– Слышь, соседка, – со своей обычной нагловатой фамильярностью позвал он. – Я ваше положение в настоящий момент, конечно, понимаю. На немедленном сроке не настаиваю, но через недельку – будьте добры. Потребую освободить для личных целей. Племяшу семейную жизнь устраивать требуется. Так что поимей в виду и своего меньшого в известность поставь. Пускай шибко надолго не располагается.
– Ты об чем? – замерла Иннокентьевна.
– Тебя что, Виталька не проинформировал? – притворно удивился Бондарь. – Купил я вашу гнилушку.
– Когда? – еле выдохнула Иннокентьевна.
– Разговор, сама знаешь, давно был. Сегодня рассчитались.
У Аграфены Иннокентьевны враз ослабли ноги.
– Он что сделал-то? – тихо сказала она. – Он что у меня-то ничего не спросил? Василий тоже свою долю имеет. Ему где жить-то теперь?
– Ты, баба Груня, радуйся, что купили. Кому по нонешнему времени такая развалюха нужна? Сейчас вон какие хоромы ставят. Если бы не племяш, я бы за неё и штуки не дал. Одна выгода, что рядом. Смахнем её к хренам в два счета. Ваське тут все равно не жить. Хорошо, ежели сам уедет, пока добрые люди не помогли. Так и передай.
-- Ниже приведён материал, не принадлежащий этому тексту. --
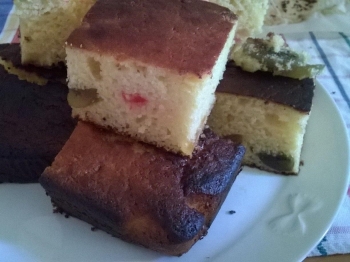 torta con mostarda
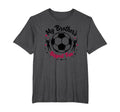 Soccer Sister My Brothers Biggest Fan T-Shirt - Unique Graphic Unisex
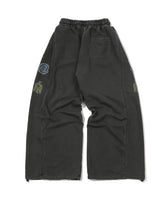 26FW★エスニック シンボル ピグメント スウェットパンツ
Иннокентьевна выпрямилась и сверкнула на Бондаря таким обжигающе-злым взглядом, что тот невольно попятился.
– Сам и передай, я его кликну сейчас.
– Успеется, – сказал Бондарь, отходя в глубь огорода.
– Что, в штаны наложил? И думать забудь! Я своего согласия не дам. А деньги тебе Виталька сегодня возвернет.
– А я не возьму! – отозвался Бондарь, уже едва видный в сумерках. – Назад такие дела не поворачивают.
– Повернешь. Ещё как повернешь! – закричала Иннокентьевна. – Не говори только, что сам покупать надумал. Знаю, какой змей тебе нашептал. А то ты для племяша копейку выделишь! Тебе хоть одна холера поверит, нет?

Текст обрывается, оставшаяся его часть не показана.